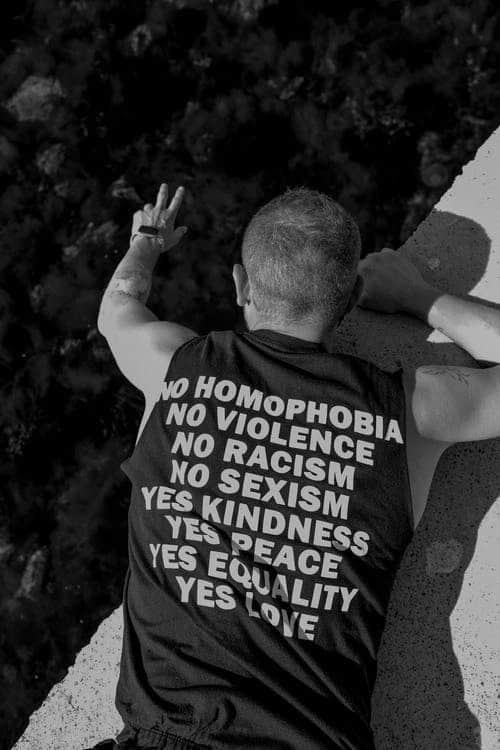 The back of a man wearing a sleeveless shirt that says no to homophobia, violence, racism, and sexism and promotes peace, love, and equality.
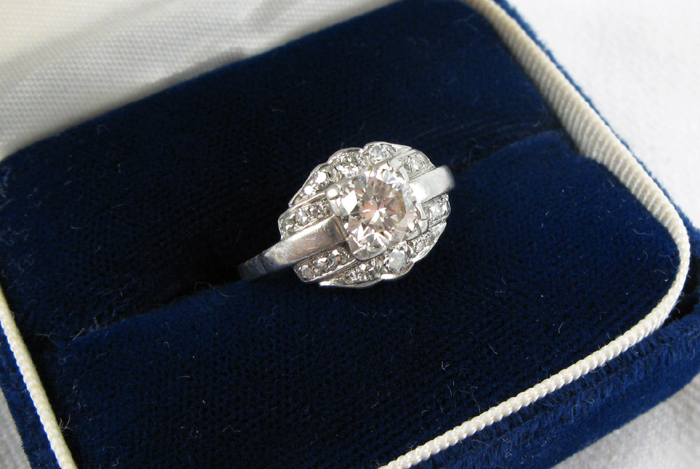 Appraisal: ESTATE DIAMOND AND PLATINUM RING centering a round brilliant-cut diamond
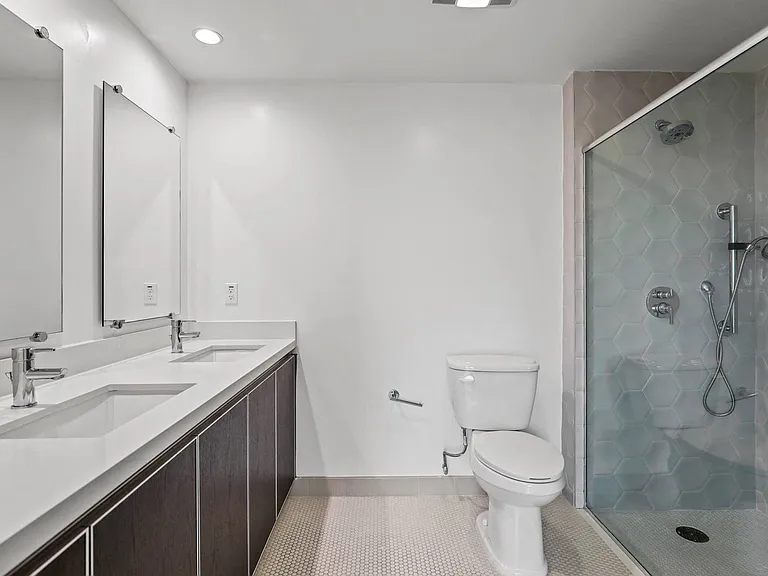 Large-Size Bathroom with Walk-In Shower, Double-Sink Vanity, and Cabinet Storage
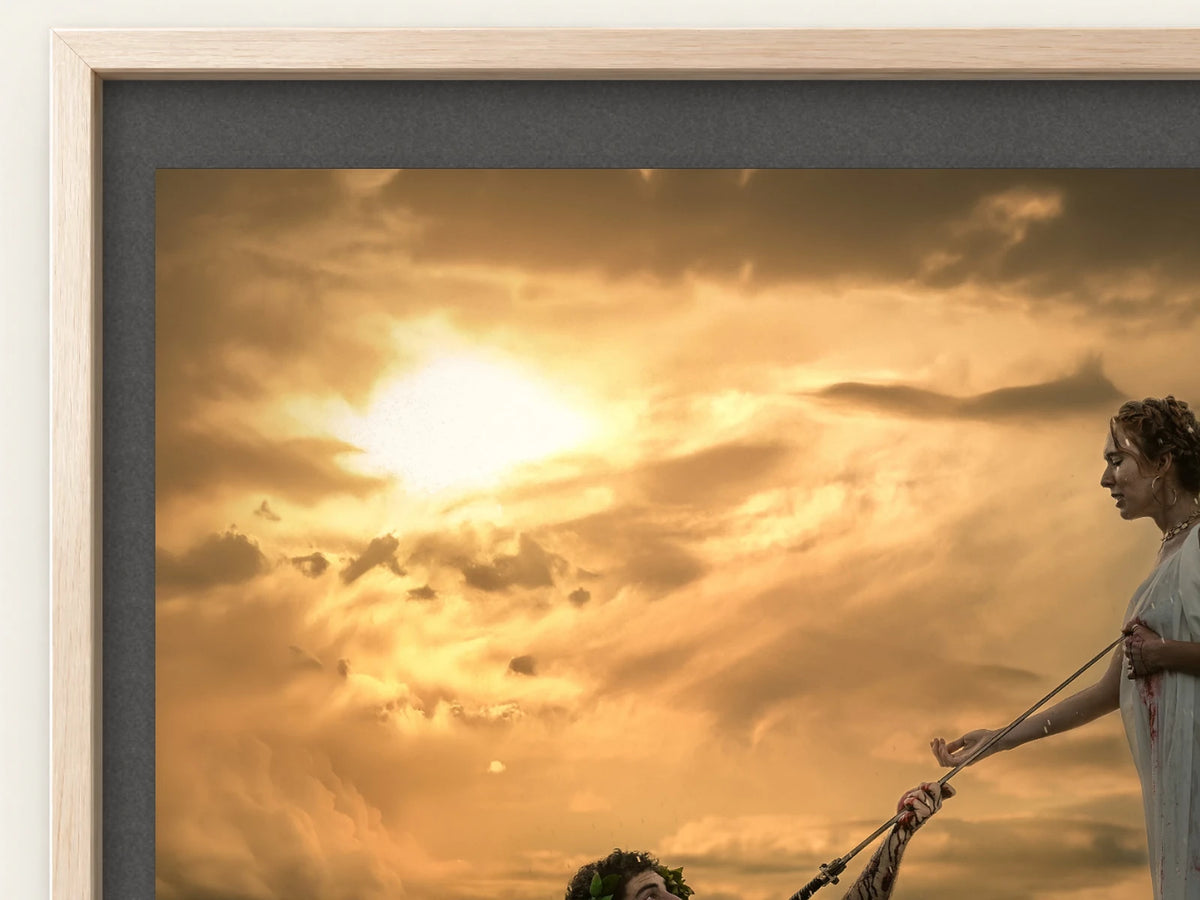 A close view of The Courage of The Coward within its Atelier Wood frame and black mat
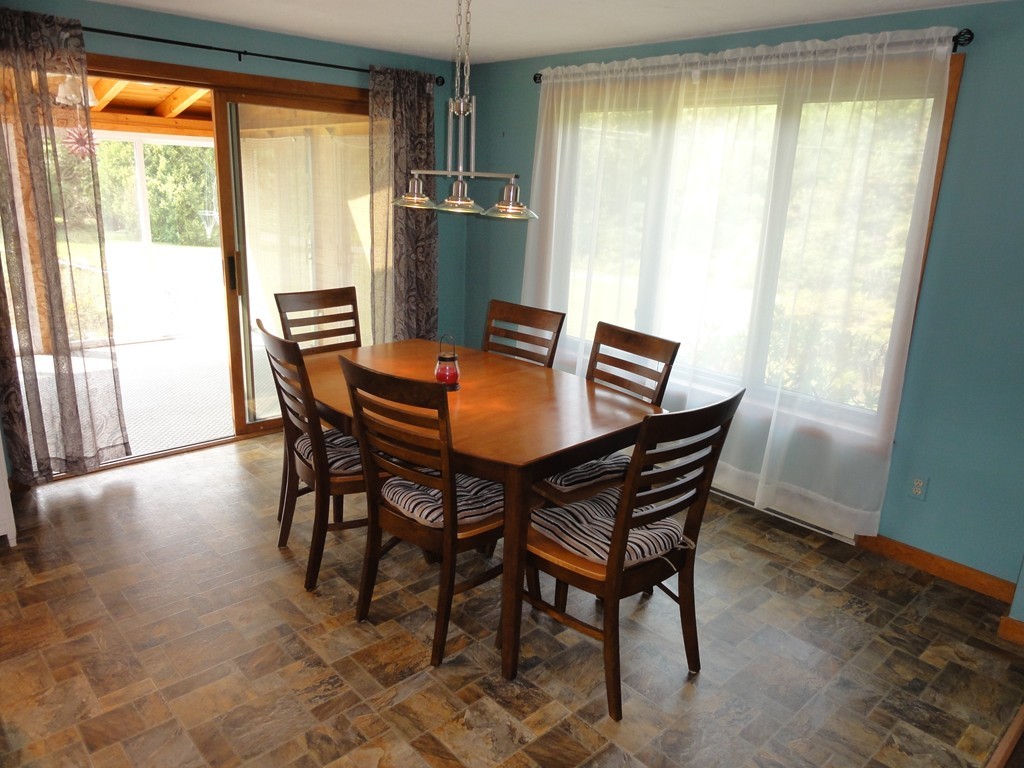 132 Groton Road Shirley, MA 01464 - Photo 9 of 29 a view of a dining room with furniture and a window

——————————

> _Requirement_:
The listing above should be repeated word for word, with every image left out.

> _Output of the exercise_:
 The back of a man wearing a sleeveless shirt that says no to homophobia, violence, racism, and sexism and promotes peace, love, and equality.
 Appraisal: ESTATE DIAMOND AND PLATINUM RING centering a round brilliant-cut diamond
 Large-Size Bathroom with Walk-In Shower, Double-Sink Vanity, and Cabinet Storage
 A close view of The Courage of The Coward within its Atelier Wood frame and black mat
 132 Groton Road Shirley, MA 01464 - Photo 9 of 29 a view of a dining room with furniture and a window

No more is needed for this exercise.